**TASK DESCRIPTION**
What to return is the tail of the data, from the line that contains "HONEY SWEET vol.00 hentai" down to the last line, copied exactly.
────────────────────
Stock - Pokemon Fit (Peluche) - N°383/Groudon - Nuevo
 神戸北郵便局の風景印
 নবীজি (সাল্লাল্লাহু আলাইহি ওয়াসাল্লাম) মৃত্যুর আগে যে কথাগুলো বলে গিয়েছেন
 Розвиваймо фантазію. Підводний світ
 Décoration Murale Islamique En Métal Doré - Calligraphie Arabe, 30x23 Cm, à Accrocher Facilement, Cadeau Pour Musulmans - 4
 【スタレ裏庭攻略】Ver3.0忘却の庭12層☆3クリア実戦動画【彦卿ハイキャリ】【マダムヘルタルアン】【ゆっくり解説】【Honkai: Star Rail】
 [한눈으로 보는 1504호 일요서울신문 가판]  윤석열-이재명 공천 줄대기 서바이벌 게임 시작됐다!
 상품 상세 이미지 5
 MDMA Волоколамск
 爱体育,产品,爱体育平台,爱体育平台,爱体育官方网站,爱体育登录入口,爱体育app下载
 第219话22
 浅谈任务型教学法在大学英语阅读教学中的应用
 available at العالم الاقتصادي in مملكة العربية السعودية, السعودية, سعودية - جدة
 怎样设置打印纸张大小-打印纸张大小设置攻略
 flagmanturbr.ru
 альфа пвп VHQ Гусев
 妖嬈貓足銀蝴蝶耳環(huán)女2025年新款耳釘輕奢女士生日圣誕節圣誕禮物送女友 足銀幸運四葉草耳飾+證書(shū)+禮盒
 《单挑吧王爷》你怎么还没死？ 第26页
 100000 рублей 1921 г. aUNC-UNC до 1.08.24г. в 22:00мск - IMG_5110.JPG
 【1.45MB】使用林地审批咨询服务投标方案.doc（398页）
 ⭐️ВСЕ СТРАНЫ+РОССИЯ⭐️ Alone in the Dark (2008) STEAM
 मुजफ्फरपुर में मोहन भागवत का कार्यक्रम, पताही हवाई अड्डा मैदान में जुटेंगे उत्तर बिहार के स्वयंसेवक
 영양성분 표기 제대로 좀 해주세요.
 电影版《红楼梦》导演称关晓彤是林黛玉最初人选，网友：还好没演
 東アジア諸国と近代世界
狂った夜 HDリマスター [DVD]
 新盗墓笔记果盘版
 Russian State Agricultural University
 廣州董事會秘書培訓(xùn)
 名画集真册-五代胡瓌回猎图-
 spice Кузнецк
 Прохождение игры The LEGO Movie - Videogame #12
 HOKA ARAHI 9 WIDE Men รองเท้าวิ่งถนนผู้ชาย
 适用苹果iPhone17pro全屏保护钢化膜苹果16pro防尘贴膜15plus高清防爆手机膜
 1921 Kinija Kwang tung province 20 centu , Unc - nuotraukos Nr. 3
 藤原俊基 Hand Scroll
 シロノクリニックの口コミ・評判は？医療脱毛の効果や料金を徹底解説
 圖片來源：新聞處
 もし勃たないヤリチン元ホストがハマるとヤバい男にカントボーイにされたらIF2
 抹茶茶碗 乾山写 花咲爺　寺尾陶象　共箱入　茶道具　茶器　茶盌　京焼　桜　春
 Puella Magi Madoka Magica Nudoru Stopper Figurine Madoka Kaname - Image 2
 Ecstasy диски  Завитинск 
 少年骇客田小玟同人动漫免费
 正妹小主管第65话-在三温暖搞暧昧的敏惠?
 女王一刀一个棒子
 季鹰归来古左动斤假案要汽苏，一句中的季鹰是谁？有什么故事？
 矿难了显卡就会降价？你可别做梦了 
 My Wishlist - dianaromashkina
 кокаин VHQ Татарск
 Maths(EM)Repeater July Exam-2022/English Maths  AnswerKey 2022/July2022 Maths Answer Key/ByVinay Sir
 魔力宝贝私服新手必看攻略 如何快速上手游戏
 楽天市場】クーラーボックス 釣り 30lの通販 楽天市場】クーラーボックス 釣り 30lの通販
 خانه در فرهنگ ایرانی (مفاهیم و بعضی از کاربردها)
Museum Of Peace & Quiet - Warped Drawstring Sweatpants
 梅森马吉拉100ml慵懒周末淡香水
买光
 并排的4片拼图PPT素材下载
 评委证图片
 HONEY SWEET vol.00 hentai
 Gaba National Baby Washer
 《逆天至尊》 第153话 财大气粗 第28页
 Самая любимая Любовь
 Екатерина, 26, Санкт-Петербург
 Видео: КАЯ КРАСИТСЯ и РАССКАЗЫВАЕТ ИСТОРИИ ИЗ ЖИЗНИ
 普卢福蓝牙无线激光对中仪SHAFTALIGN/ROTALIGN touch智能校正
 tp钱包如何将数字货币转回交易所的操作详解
────────────────────
**EXERCISE RESULT**
 HONEY SWEET vol.00 hentai
 Gaba National Baby Washer
 《逆天至尊》 第153话 财大气粗 第28页
 Самая любимая Любовь
 Екатерина, 26, Санкт-Петербург
 Видео: КАЯ КРАСИТСЯ и РАССКАЗЫВАЕТ ИСТОРИИ ИЗ ЖИЗНИ
 普卢福蓝牙无线激光对中仪SHAFTALIGN/ROTALIGN touch智能校正
 tp钱包如何将数字货币转回交易所的操作详解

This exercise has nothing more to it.